Although a stalk of bamboo yields when the wind blows, it is firmly rooted and cannot be uprooted. Better yet, how can one be like a kite flying freely in a hurricane, one with the strong winds, feeling no restraint at all?
We all have this fluid mind to begin with. But, over time we acquire habits and begin to rely on our five senses and intellect, which slows the mind so it becomes as ice, solid and stuck. We lose the freedom that comes from the Mind of Mushin (No-Mind), the free-flowing Mind where there are no distinctions and deliberations.
When the Mind is in the state of Mushin, it moves from one thing to another without stopping, and it will fill up your whole being.
The Zen Mind is fluid, that is, able to freely move, like the water in a boundless, swift flowing river. “Thought by thought – moment by moment, without stopping.” If you throw a ball on the surface of a rapid, it will ride on the waves without stopping. This is like the Zen mind –capable of infinite movements.
Twelfth-century Zen master Setcho wrote, "A ball strikes the boundless swift-flowing waters." Referring to that quote, Omori Sogen Rotaishi went on to write "boundless means infinitely vast and magnificent. Although it is called the boundless swift flowing waters, it is not only a river.

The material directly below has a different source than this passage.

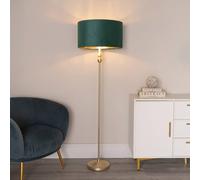 Valuelights Maggie Gold Candlestick Floor Lamp With Velvet With Gold Inner Lamp Shade In Bottle Green Bottle Green One Size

The heavens, the earth, the entire universe, and everything are on these swift- flowing waters. Human existence also is flowing on these swift flowing waters without stopping even for an instant . . . Everything is flowing, especially the transient nature of all phenomena. Everything changes and flows without stopping. This is the nature of the existence of things, the form and shape of reality. At the same time, it is the same state of being of one who attains the ‘Way’.” **
"Zen in its essence is the art of seeing into the nature of one’s own being, and it points the way from bondage to freedom. It liberates us from all the yokes under which finite beings are usually suffering in this world." ***
--* Omori Sogen Rotaishi, Sanzen Nyumon: Introduction to Zen Training, Shinjyu-sha, Tokyo, Japan 1964.
** From Omori Sogen Rotaishi's translation of Case 80: Joshu's "A Newborn Baby," from the Hekigan Roku (The Blue Cliff Record), Hakujusha Company, Inc., Tokyo, 1976.